* [Work item]:
Reproduce exactly, from the data that follows, the line with "304不锈钢更衣柜现货速发", the line with "Book cover for", and every line that lies between them.

* [Data shown]:
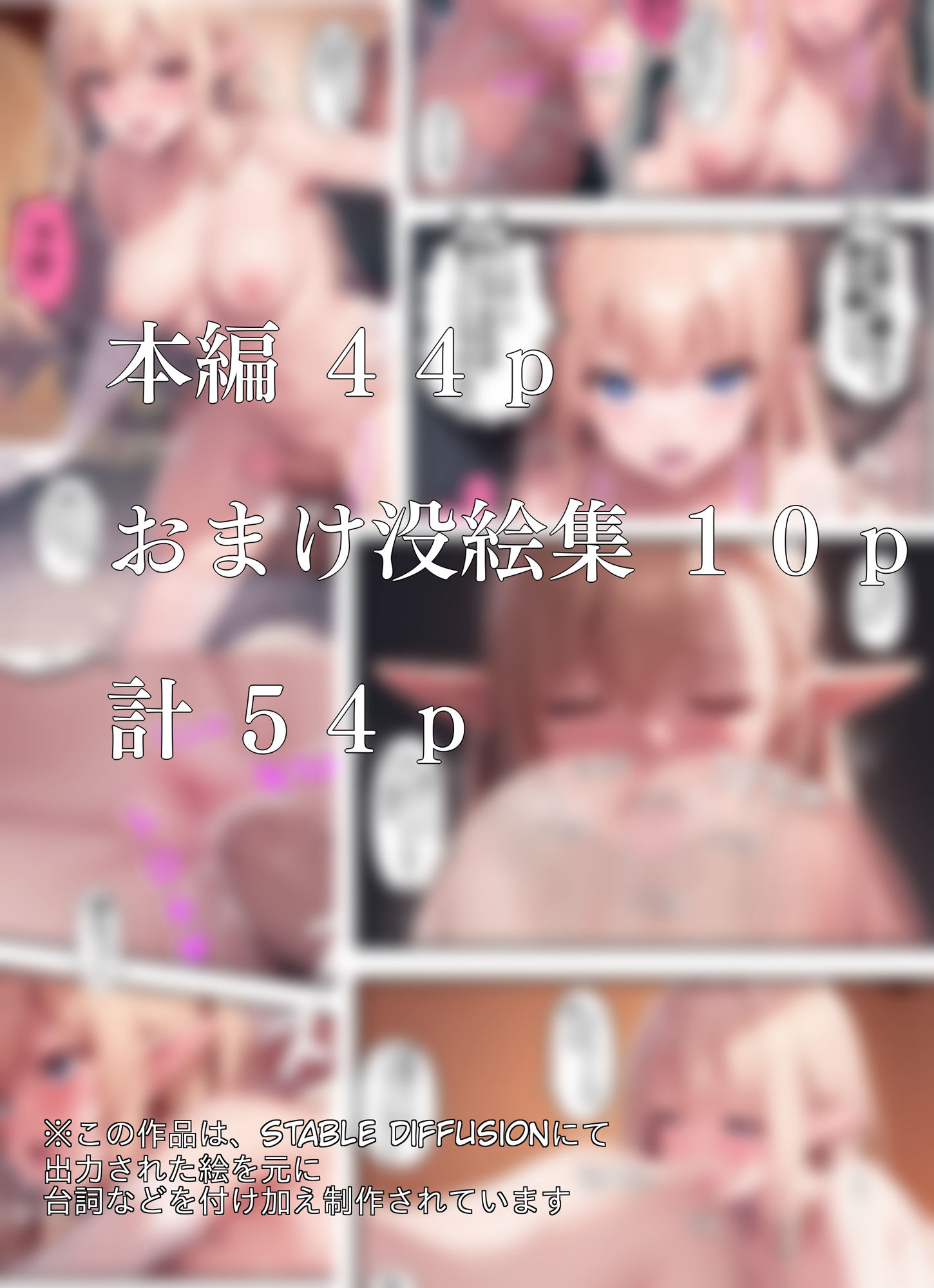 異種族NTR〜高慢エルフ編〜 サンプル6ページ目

* * *

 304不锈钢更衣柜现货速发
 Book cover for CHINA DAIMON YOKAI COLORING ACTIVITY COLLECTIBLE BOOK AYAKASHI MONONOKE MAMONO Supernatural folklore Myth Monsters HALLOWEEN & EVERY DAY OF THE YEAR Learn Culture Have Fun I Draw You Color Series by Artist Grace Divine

* [Output of the exercise]:
 304不锈钢更衣柜现货速发
 Book cover for CHINA DAIMON YOKAI COLORING ACTIVITY COLLECTIBLE BOOK AYAKASHI MONONOKE MAMONO Supernatural folklore Myth Monsters HALLOWEEN & EVERY DAY OF THE YEAR Learn Culture Have Fun I Draw You Color Series by Artist Grace Divine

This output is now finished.